While Ford and Holden were busy knocking out rear-drive sedan-based utes, the Japanese maker’s local design outfit was creating a version that had four-wheel drive and a boosted ride height for more adventurous tradies.

And what do you know? – 14 years later, the one-tonne ute is king, lead by the Toyota Hilux as Australia’s favourite car, while the car-based ute has been put out to pasture.

At the time, Toyota probably had no idea just how prophetic its concept car was, but its intended purpose was not to offer an insight into the future of the Australian car market, but to convince head office that a local R&D centre made sense.


The plan was a partial success and Toyota is still turning out the occasional concept including the most recent 86 Shooting Brake, as well as the other projects that we don’t get told about.

For the 2003 show car, Toyota pinched some of the 4x4 bits of the Lexus RX300 of the same year and matched it up with the rear axle of a Tarago.
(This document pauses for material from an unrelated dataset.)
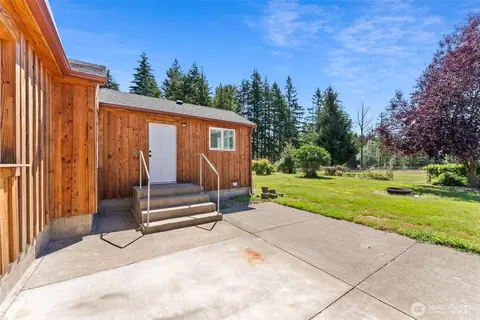 Exterior - 1296 Centralia Alpha Rd, Chehalis, WA 98532 photo 10 of 13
Power was courtesy of a 3.0-litre V6 petrol that had a nip of spice in the form of a TRD supercharger.

Power from the familiar V6 jumped 20 percent to 185kW, while torque got a 30 percent boost to 330Nm at about 4400rpm thanks to the 4.0psi forced-feeding.
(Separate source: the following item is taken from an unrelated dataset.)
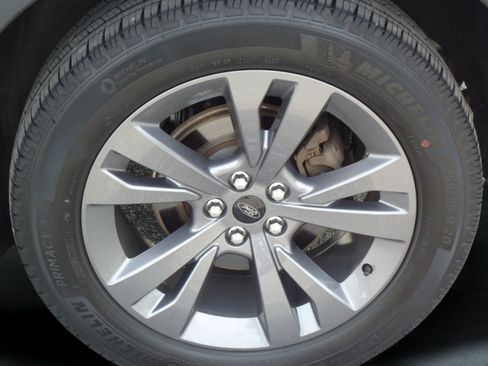 Used 2023 Ford Explorer XLT w/ Equipment Group 202A AWD/4WD image 9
Much of the remaining construction was borrowed from the Avalon large sedan, including a fettled version of its nose, although its wheelbase had been chopped and stretched by 150mm, while the jacked-up suspension set up offered 210mm of ground clearance.


Out back, the X-Runner’s tray incorporated special slots to park mountain bikes with enough load area to close the farm-gate-type tailgate, although modern day 29ers might not fit as snugly.
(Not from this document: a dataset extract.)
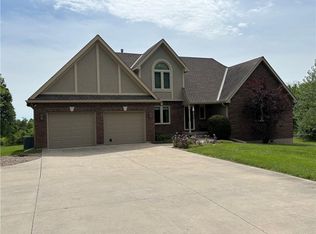 2819 S Dillingham Rd, Grain Valley, MO 64029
The load area also incorporated a number of other forward-thinking ideas such as a 17-inch plasma screen (no LED TVs in 2003) which displayed the location of mountain bikers via GPS tracking. Ice boxes, floor lighting and a tailgate storage bin that resembles a drag-chute were also included for post-ride convenience.

Unlike some far-fetched concepts that never expect to see the real world, Toyota pushed hard for permission to produce a showroom version of the X-Runner and, while the car never came to fruition, Toyota still has the last laugh.

It didn’t have a low-range of cogs in its four-speed automatic transmission and the 19-inch Dunlop rubber on white alloy wheels were strictly on-road propositions, but the concept was a clear step in the direction of all-terrain utes nonetheless.